A relatora, ministra Laurita Vaz, votou pelo não conhecimento do conflito, mantendo-se a competência da 2ª Seção.
O ministro Mauro Campbell conheceu do recurso mas votou pela competência da 1ª Seção para “os casos em que a discussão restringe-se ao prosseguimento da execução fiscal, ainda que com penhora determinada, sem pronunciamento do juízo da recuperação judicial acerca da incompatibilidade da medida com o plano de recuperação”.
A ministra Nancy Andrighi conheceu do recurso e votou pela competência da 2ª Seção, destacando precedente julgado em 2012 pela própria corte, tendo sido acompanhada pelos ministros Sérgio Kukina, Raul Araújo, Maria Thereza de Assis Moura e Napoleão Nunes Maia Filho.
“Nesse passo, seja qual for o estágio em que se encontre o processo recuperacional, as razões para se decidir acerca da conveniência ou não da paralisação da ação executiva ou, ao menos, da prática de atos constritivos sobre o patrimônio da devedora/executada, hão de ser extraídas do exame das disposições que integram o diploma legislativo retrocitado”, disse a ministra.

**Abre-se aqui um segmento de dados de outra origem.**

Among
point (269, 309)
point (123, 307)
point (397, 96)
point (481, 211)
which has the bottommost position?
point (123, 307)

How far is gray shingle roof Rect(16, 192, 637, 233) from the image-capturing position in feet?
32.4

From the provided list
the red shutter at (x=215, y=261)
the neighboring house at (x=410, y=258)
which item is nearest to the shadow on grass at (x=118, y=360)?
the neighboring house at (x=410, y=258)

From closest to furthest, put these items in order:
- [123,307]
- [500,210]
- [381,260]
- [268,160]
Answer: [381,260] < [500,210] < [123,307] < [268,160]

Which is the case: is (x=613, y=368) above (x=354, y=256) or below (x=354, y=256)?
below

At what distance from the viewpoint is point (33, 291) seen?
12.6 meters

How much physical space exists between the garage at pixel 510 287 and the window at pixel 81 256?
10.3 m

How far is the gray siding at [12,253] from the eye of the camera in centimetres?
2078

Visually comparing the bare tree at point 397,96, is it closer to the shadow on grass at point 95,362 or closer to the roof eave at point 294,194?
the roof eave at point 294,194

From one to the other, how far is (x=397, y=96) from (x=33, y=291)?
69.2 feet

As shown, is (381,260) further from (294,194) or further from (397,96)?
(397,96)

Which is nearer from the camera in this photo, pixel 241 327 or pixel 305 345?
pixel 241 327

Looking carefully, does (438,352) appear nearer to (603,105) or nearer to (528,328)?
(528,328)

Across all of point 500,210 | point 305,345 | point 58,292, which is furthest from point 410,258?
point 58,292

Diante disso, a ministra entendeu que sobressai a necessidade de a 2ª Seção processar e julgar o conflito instaurado, uma vez que o Regimento Interno do STJ atribui a ela a competência para decidir sobre questões que envolvem recuperações judiciais. E complementou: “Como acréscimo desses argumentos, estou a reafirmar o entendimento assentado por essa Corte Especial à unanimidade quando da apreciação da questão de ordem no conflito de competência 120.432, ocorrida em 19 de setembro de 2012”.
Assim, por maioria de votos, a Corte Especial decidiu que cabe à 2ª Seção do STJ julgar conflitos de competência quando há penhora em execução fiscal de empresa em recuperação judicial. O acórdão ainda será publicado.
Adriana Conrado Zamponi é sócia do escritório Wald, Antunes, Vita, Longo e Blattner Advogados e tem LLM em Direito Empresarial.
Artigo publicado no Consultor Jurídico.